Trump Promises 'Big Results' From Controversial Putin Summit

U.S. President Donald Trump speaks about his meeting with Russian President Vladimir Putin ahead of a meeting with Republican lawmakers and cabinet members at the White House in Washington on July 17.

U.S. President Donald Trump is promising that "big results" will eventually come from his summit with Russian President Vladimir Putin, and says that Moscow "has agreed to help with North Korea."

Trump made the remarks on Twitter on July 18, as he continued to face sharp criticism from U.S. lawmakers and others who denounced his statements at a news conference with Putin after the meeting in Helsinki.

"Putin and I discussed many important subjects at our earlier meeting," Trump tweeted, apparently referring to the one-on-one talks he and Putin held with only translators present at the start of the one-day summit on July 16.

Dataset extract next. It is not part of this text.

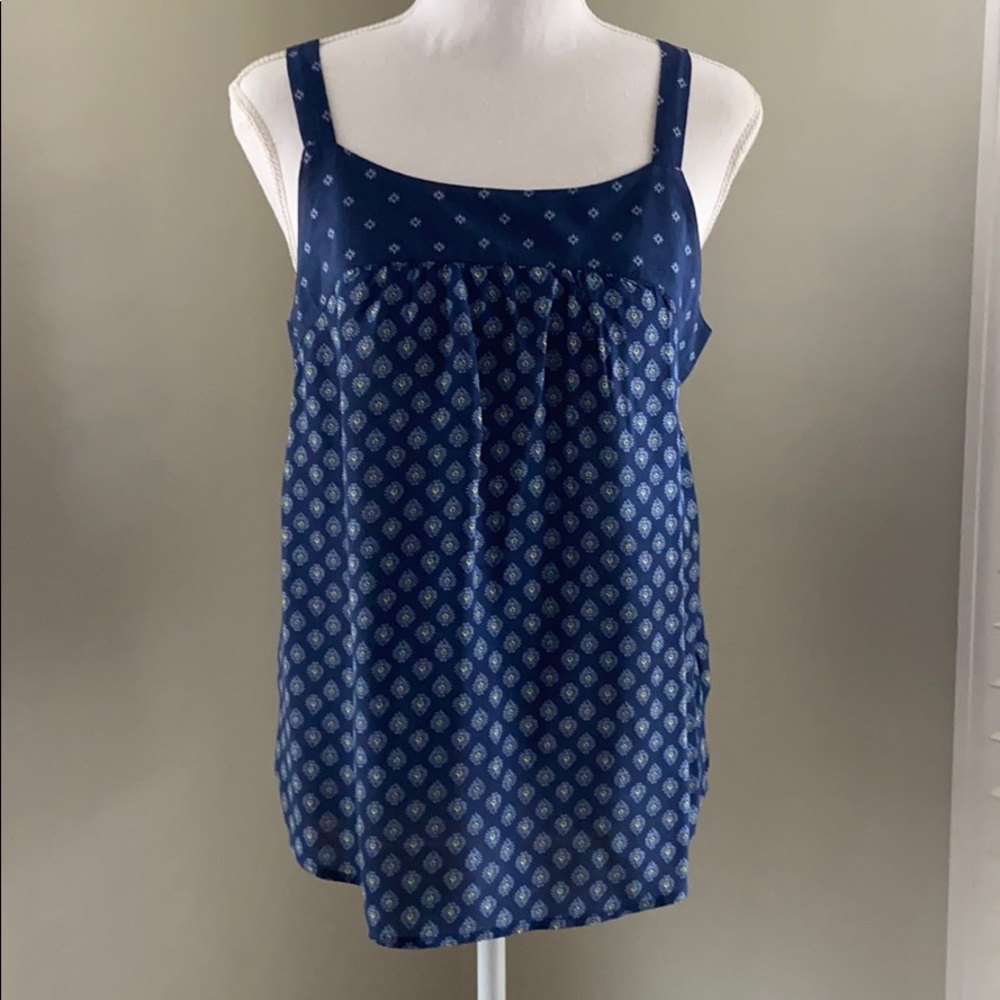 NEW GAP Blue White Yellow Tank XS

"We got along well which truly bothered many haters who wanted to see a boxing match," Trump wrote. "Big results will come!"

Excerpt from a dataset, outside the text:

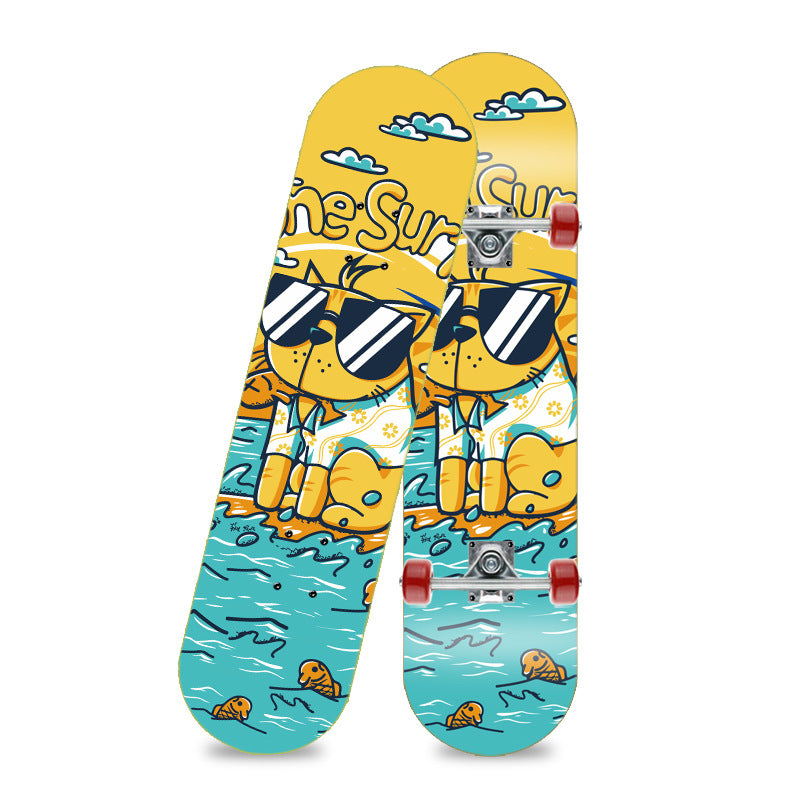 Einhorn-Themen-Skateboard Brehn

Trump wrote that a July 11-12 NATO summit in Brussels was "an acknowledged triumph," repeating a disputed claim that member countries agreed to increase defense spending more quickly than they had planned.

He added that "the meeting with Russia may prove to be, in the long run, an even greater success. Many positive things will come out of that meeting."

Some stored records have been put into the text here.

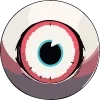 Стикер 58 Monsters Face
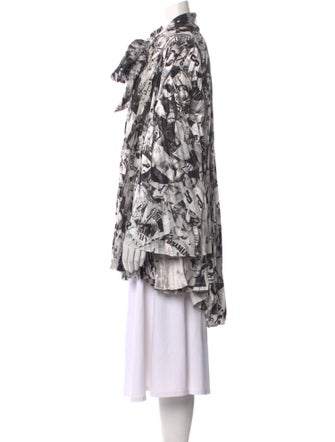 Balenciaga 2019 Newspaper Print Tunic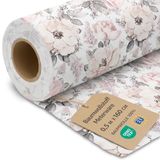 Katoenen Wilde roos Katoenen Stof per Meter Zuiver Katoen 0.5 M – Naaistof Decoratiestof voor Patchwork Kleding Kussens Gordijnen Voering Ademend Huidvriendelijk en Zacht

Trump did not go into detail in a series of tweets, but he wrote: "Russia has agreed to help with North Korea, where relationships with us are very good and the process is moving along."

"There is no rush, the sanctions remain! Big benefits and exciting future for North Korea at end of process!" Trump tweeted, apparently referring to efforts to rid North Korea of nuclear weapons and eliminate its program to create them.

Trump's summit with Putin came after a June 12 meeting with North Korean leader Kim Jong Un that produced a joint statement committing the sides to the complete denuclearization of the Korean Peninsula.

Critics of Trump say that the joint statement with North Korea was vague and did not amount to a commitment by Pyongyang to abandon nuclear weapons.

Trump faced fiercer criticism from U.S. lawmakers -- including some Republicans -- who said he failed to hold Putin accountable for Russian actions such as what U.S intelligence agencies said was a campaign of interference in the 2016 U.S. election.

Trump sought to calm the storm in comments on July 17, saying that he misspoke in Helsinki when he stated that he saw no reason to think that Russia had meddled.

"The sentence should have been, 'I don't see any reason...why it wouldn't be Russia'" that interfered, Trump said.

He said that he accepted the U.S. intelligence community's conclusion that Russia meddled in the election, but added: "It could be other people also. A lot of people out there."

Trump's comments on July 17 came minutes after the leader of the Republican majority in the Senate, Mitch McConnell, warned Russia not to interfere in the November 2018 midterm elections and said the Senate could take up legislation on additional sanctions against Russia.

McConnell also said that NATO was the United States' "most significant military alliance in history," adding that "the European countries are our friends and the Russians are not."

Democrats in Congress dismissed Trump's statement acknowledging Russia interfered in the election as political damage control.

"This has to be recognized for what it is, which is simply an effort to clean up the mess he made yesterday, which is beyond the capacity of any short statement to repair," said Adam Schiff, the ranking Democrat on the Intelligence Committee in the House of Representatives.

Meanwhile, the Russian ambassador to North Korea, Aleksandr Matsegora, told state-run news agency RIA Novosti in an interview published on July 18 that a summit between Putin and North Korea's Kim was "on the agenda."

He did not say whether a date had been set.